But for JSON we do have an alternative way of Indexing JSON Property. This article explains how we can index a JSON property from the JSON string by example and also explains the storage implications if any.

Let us create a sample Database with a Customer table with 200,000 records as shown in the following image by the following script:

Customer Table
Script:

CREATE DATABASE SqlHintsJSONDemo
GO
USE SqlHintsJSONDemo
GO
CREATE TABLE dbo.Customer( 
	Id INT IDENTITY(1,1) NOT NULL PRIMARY KEY,
	Name NVARCHAR(50), Detail NVARCHAR(MAX))
GO
INSERT INTO dbo.Customer ( Name, Detail )
SELECT TOP 200000 NEWID(),
 REPLACE('{"Address":{"State":"KA","Country":"India"},
 "Phone":"@Phone"}',
 '@Phone', 100000000-ROW_NUMBER() OVER (ORDER BY SC1.object_id))
FROM SYS.all_columns SC1
		CROSS JOIN SYS.all_columns SC2

Below is the Customer table storage usage details at this point of time.

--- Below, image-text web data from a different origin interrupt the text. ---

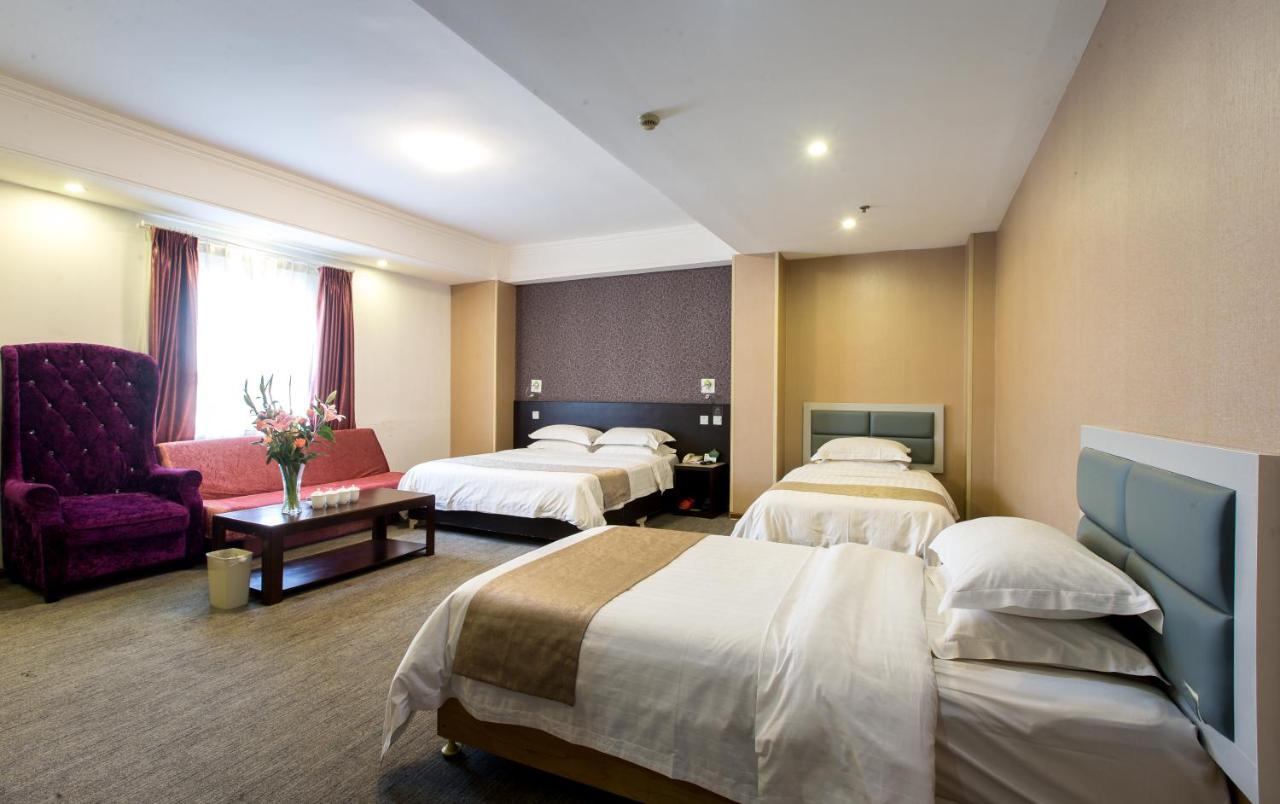Qingdao Fu Yong Hotel Екстер'єр фото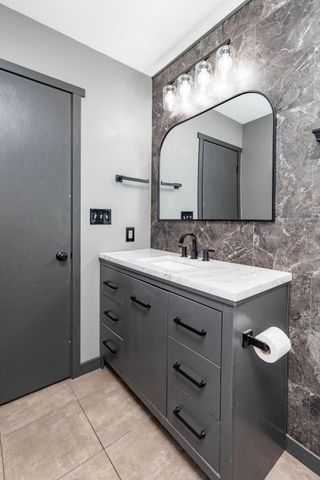 2601 Atlantic Drive S, Fargo, ND 58103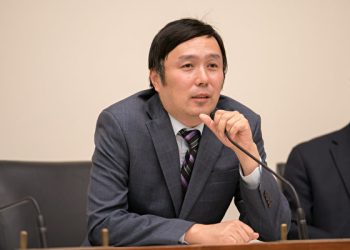 中共活摘器官 – 獲獎導演如何從不信到堅信？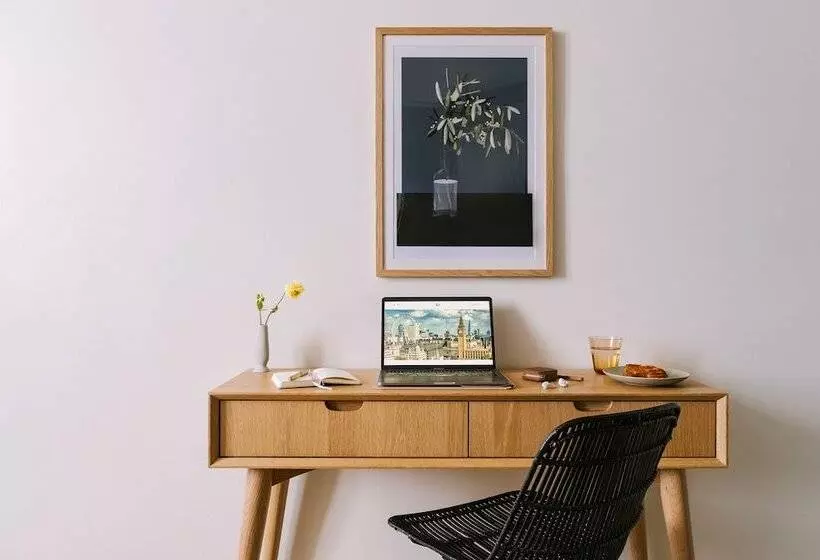 デラックスルーム, Sonder Chelsea Green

Initial SpaceUsed by the Customer table

Enable the IO and TIME statistics using the following script, to measure the performance of the queries:

--Enable Statistics
SET STATISTICS IO ON
SET STATISTICS TIME ON
GO

Let us execute the below statement to get the details of the Customer whose phone number is 99890000

SELECT *
FROM dbo.Customer
WHERE JSON_VALUE(Detail,'$.Phone') = '99890000'

RESULT:
Get Customer Detail using JSON_VALUE function

From the above result it is clear that fetching the customer data with this approach is resulting in higher number of IO and CPU time.

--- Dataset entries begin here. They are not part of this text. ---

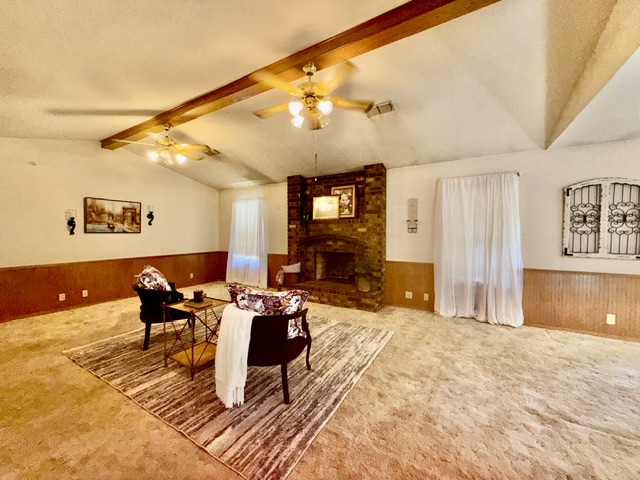 2411 Woodleaf Court Property Photo 3
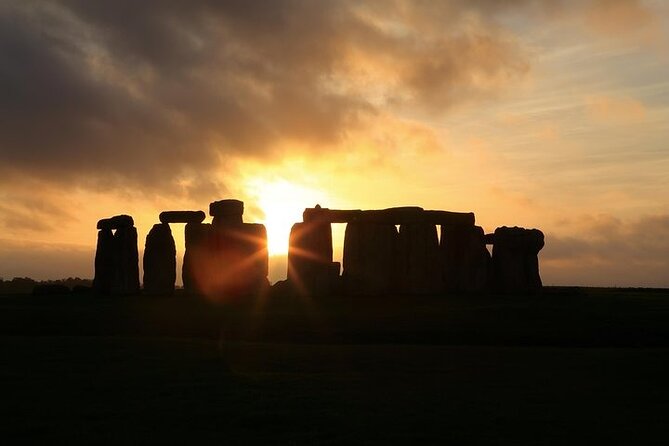 Stonehenge Summer Solstice Tour from London: Sunset or Sunrise Viewing - Timing problems and the risk of missing sunset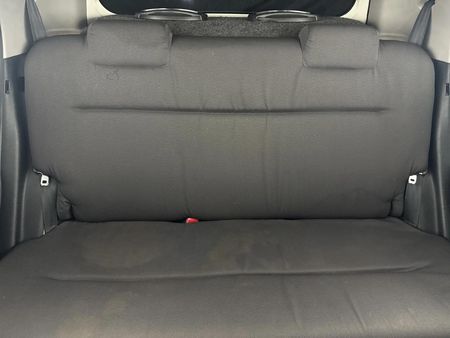 2012-Toyota-Etios-15-Xi-5-dr_8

Let us now explore the solution for the above problem. The solution to this problem is create a non-persisted computed column where this column value will be the value of the Phone property from the JSON string and then index it. Let us understand this by performing these steps on the Customer table created above:

First add a non-persisted computed column PhoneNumber to the Customer table and the value of this computed column is the Phone property value extracted using the JSON_VALUE function from the Detail column having Address and Phone information stored in the JSON format.

ALTER TABLE dbo.Customer
ADD PhoneNumber AS JSON_VALUE(Detail,'$.Phone')

Let us verify is there any storage implication of adding a computed column

SpaceUsed by the Customer table after adding computed column

From the results it is clear that a non-persisted computed column doesn’t take any additional storage space. Non-persisted computed column value is computed/evaluated at run-time.

Let us now try to get the details of the Customer whose phone number is 99890000 by using the computed column PhoneNumber.

SELECT *
FROM dbo.Customer
WHERE PhoneNumber  = '99890000'

RESULT:
Get Customer Detail using Computed column

From the result it is clear that the computed column didn’t improve the IO and Time taken to execute the query.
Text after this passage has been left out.